### Action item
In this exercise, write out the data word for word and leave every image out.

Data excerpt: Begin

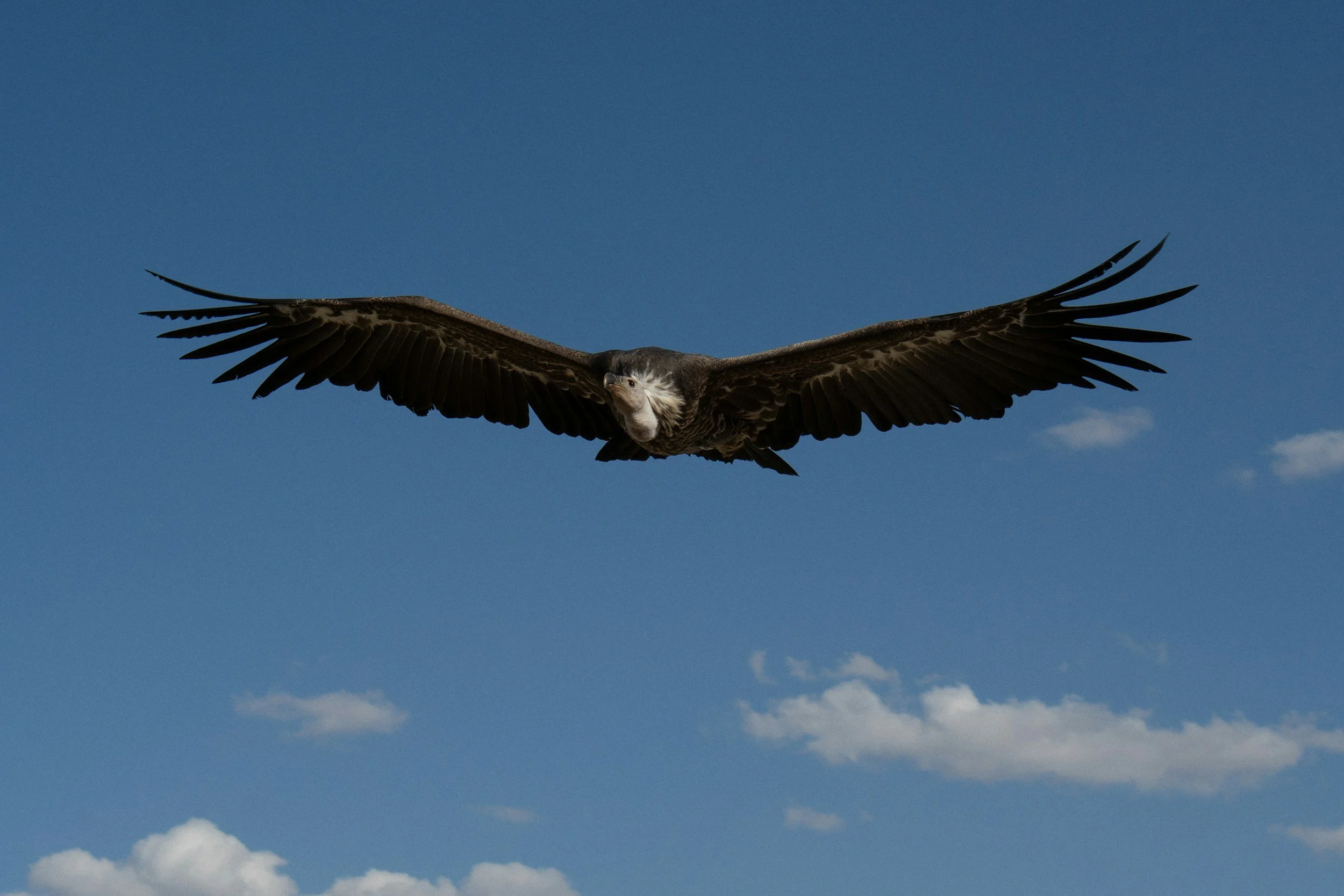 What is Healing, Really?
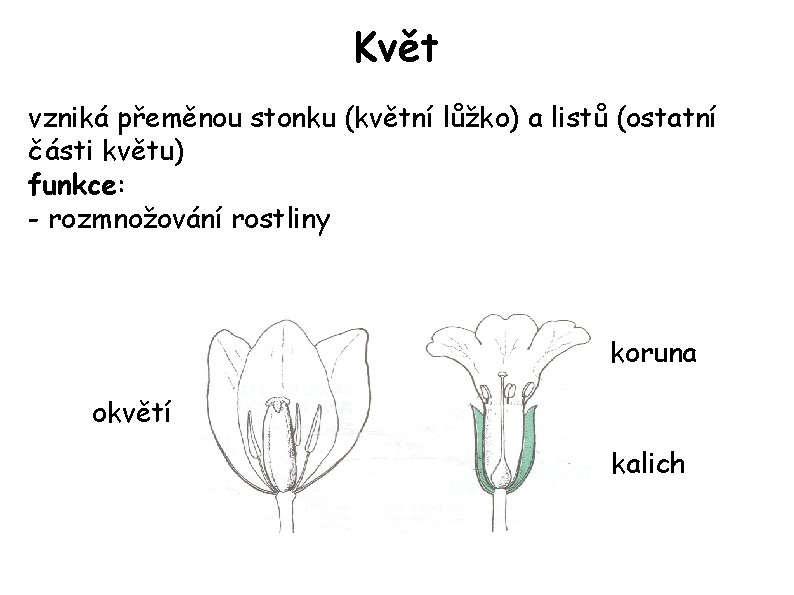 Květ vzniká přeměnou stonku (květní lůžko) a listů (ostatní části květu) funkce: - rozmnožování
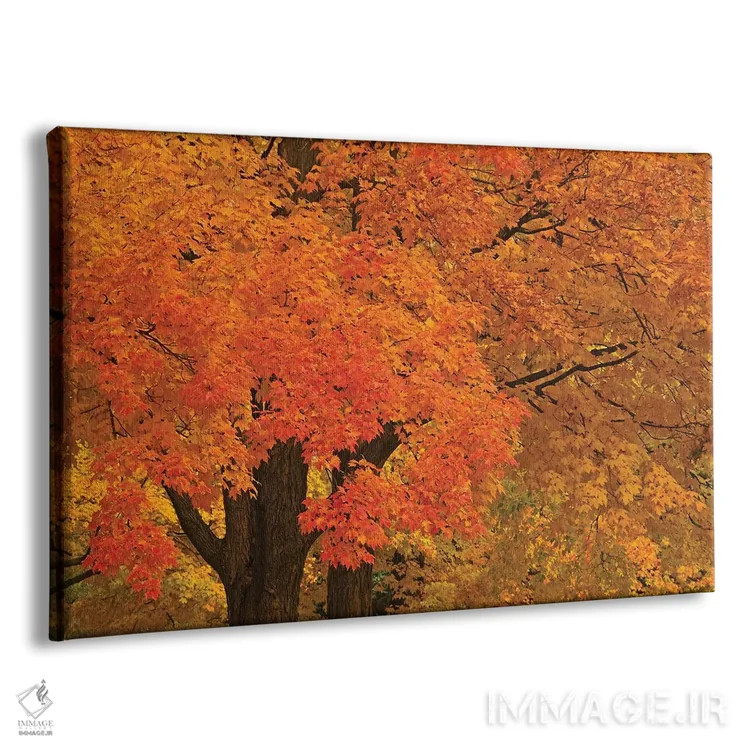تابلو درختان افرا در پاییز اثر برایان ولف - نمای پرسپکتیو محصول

Data excerpt: End

### Task response
 What is Healing, Really?
 Květ vzniká přeměnou stonku (květní lůžko) a listů (ostatní části květu) funkce: - rozmnožování
تابلو درختان افرا در پاییز اثر برایان ولف - نمای پرسپکتیو محصول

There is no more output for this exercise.